# DIY Coil Building - where to buy large spools of wire?



## AlphaDog (26/6/17)

Hi all, I'd like to start building my own "fancy" coils and would like to know where I can purchase the larger spools of wire?

Thanks


----------



## JohnC (26/6/17)

If you are in the Northern Suburbs, you can try Vapour Mountain. I bought some off them a couple of weeks ago and you can walk into the shop and save on shipping fees.

Reactions: Informative 2


----------



## AlphaDog (26/6/17)

JohnC said:


> If you are in the Northern Suburbs, you can try Vapour Mountain. I bought some off them a couple of weeks ago and you can walk into the shop and save on shipping fees.

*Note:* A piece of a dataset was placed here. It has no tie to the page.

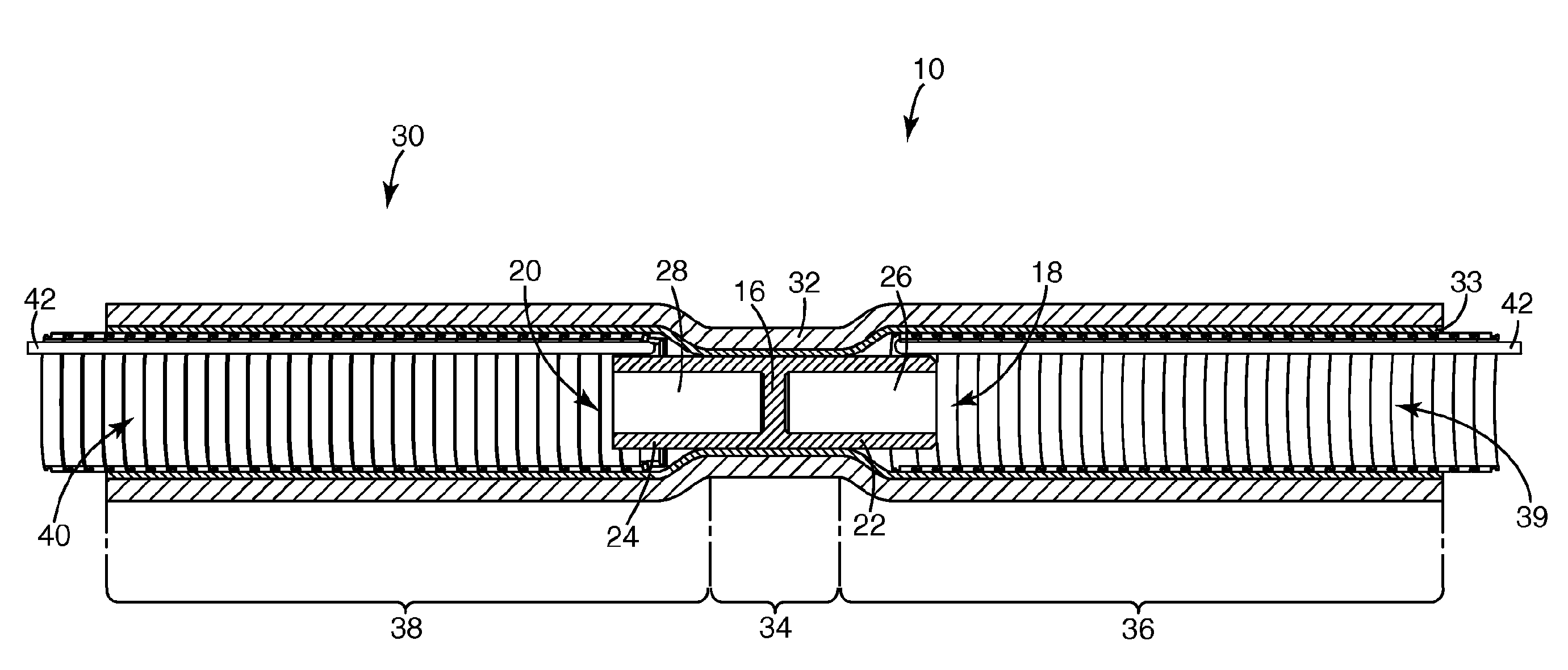 Tubular terminal for a cable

Thanks! Will check them out.


----------



## RichJB (26/6/17)

Vape Hyper has started stocking 500ft spools of Ni80.

Reactions: Informative 1


----------



## Silver (26/6/17)

AlphaDog said:


> Hi all, I'd like to start building my own "fancy" coils and would like to know where I can purchase the larger spools of wire?
> 
> Thanks



Hi @AlphaDog 
Have moved this thread for you to "who has stock" so the vendors can reply directly if they choose to
Might help you to find what you looking for

Reactions: Agree 1


----------



## AlphaDog (26/6/17)

I'm thinking perhaps I'll start with smaller spools than 500ft lol. Just need to see if this is something I could get into.


----------



## RichJB (26/6/17)

They also have 100ft spools. If you want to build Claptons, trust me - the 30ft spools offered by most vendors are useless. You will need at least 100ft for the Clapton wire. For the core wire, 30ft is fine.

Reactions: Like 1 | Agree 1


----------